Abstract
It has been shown theoretically that tidal fences consisting of multiple turbines placed side-by-side can make use of constructive interference (local blockage) effects to raise the energy extraction efficiency of the fence above that of the Betz limit applicable to unblocked flow problems. For the two-scale problem of a long array of turbines partially spanning the width of a much wider channel (vanishing global blockage) the efficiency of energy extraction, normalised on the undisturbed kinetic energy flux, rises from the Betz limit of 0.593 to the partial fence limit of 0.798 [1]. Experiments on pairs of side-by-side turbines at large laboratory scale [2] have confirmed the important aspects of the underlying partial fence theory and that some of the performance benefits offered by constructive interference effects can be achieved in practice.
Experimental validation in wind tunnels, towing tanks and other laboratory facilities are however prone to global blockage effects not seen in full-scale open flows due to the close proximity of flow boundaries to the body. These global blockage effects modify the thrust and power performance of the turbines, such that corrections to experimental curves are necessary to either translate laboratory-scale experimental results to full-scale conditions, or to calculate the expected loads and power on tidal turbines deployed in blocked-flow conditions [3][4]. The difficulty applying blockage corrections to turbine arrays is the non-linear interaction between local and global blockage. These two effects cannot be simply decoupled as for various turbine tip- to-tip spacings (affecting local blockage), changes in the global blockage have a different impact on turbine performance.
A number of blockage corrections have been developed for single turbines operating in blocked flow conditions. These corrections typically seek to describe an equivalent free-stream velocity which, in the absence of global blockage, would result in the same thrust and velocity through the turbine as in the blocked case. Thrust and power curves are then scaled non-linearly with the ratio of the experimental tank velocity and the equivalent free-stream velocity [5]. These single turbine blockage corrections can however only account for global blockage, and simplifications must currently be made based on the assumption that global and local blockage effects can be linearly decoupled [2].
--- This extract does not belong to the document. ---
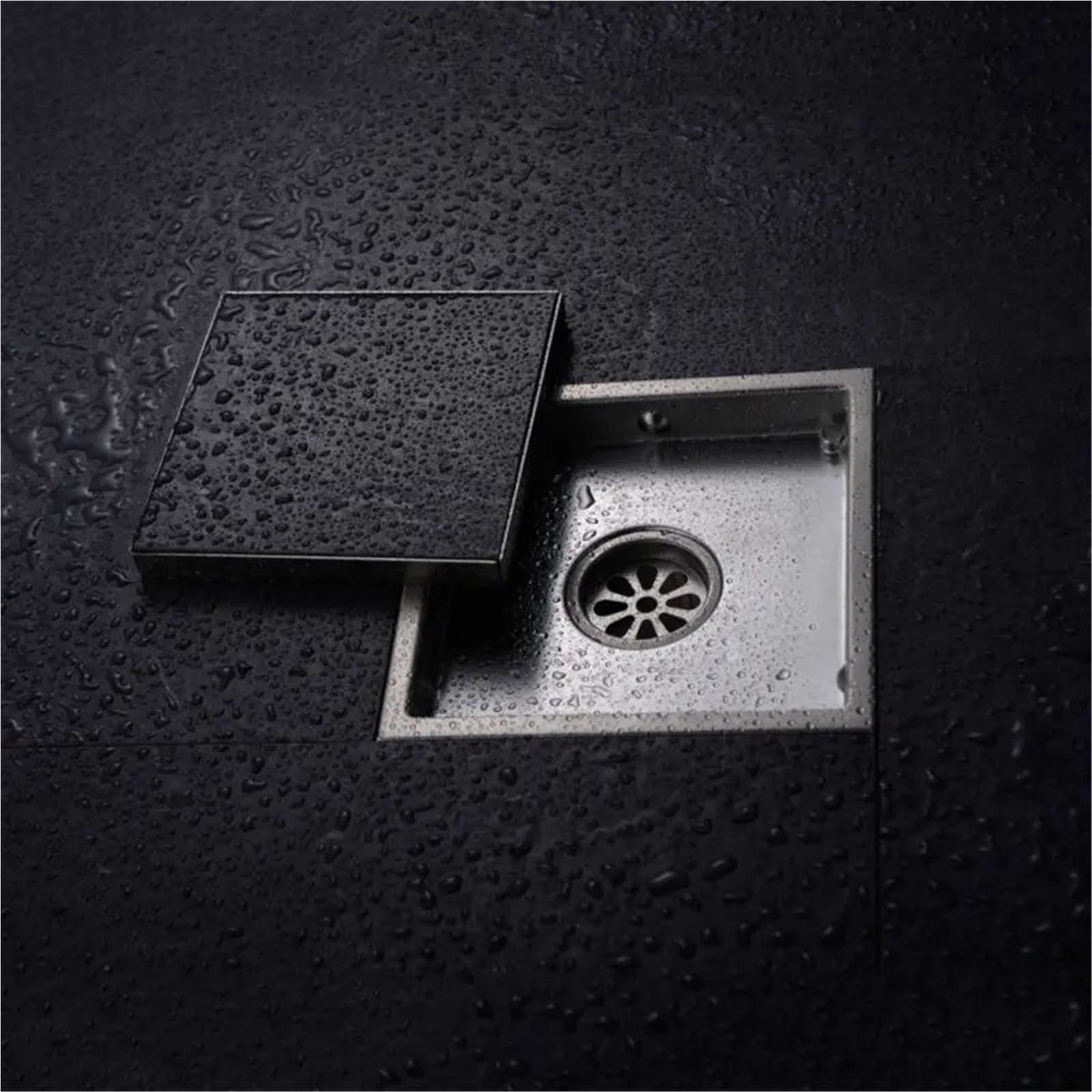 Desague Ducha 110MM y 150MM 304 Drenaje de Piso Acero Inoxidable Inserto azulejo Rejillas residuos cuadradas Ducha baño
This work therefore presents an analytical blockage correction for co-planar arrays of tidal turbines based on two-scale momentum theory [1]. This correction is then compared to other models, particularly for turbine array experimental test data. Finally, RANS computations for a turbine array at various global blockage ratios is compared to the analytical model, demonstrating its validity. A particularly useful aspect of the theoretical model is to allow for experimental quantification of the local-blockage effect for finite length fences. For instance, doubling the fence length doubles the global blockage, but increases in fence thrust and power cannot be attributed only to the change in global blockage due to non-linear coupling. This correction allows for a decoupling of these two effects, such that the local blockage effect can be isolated and quantified.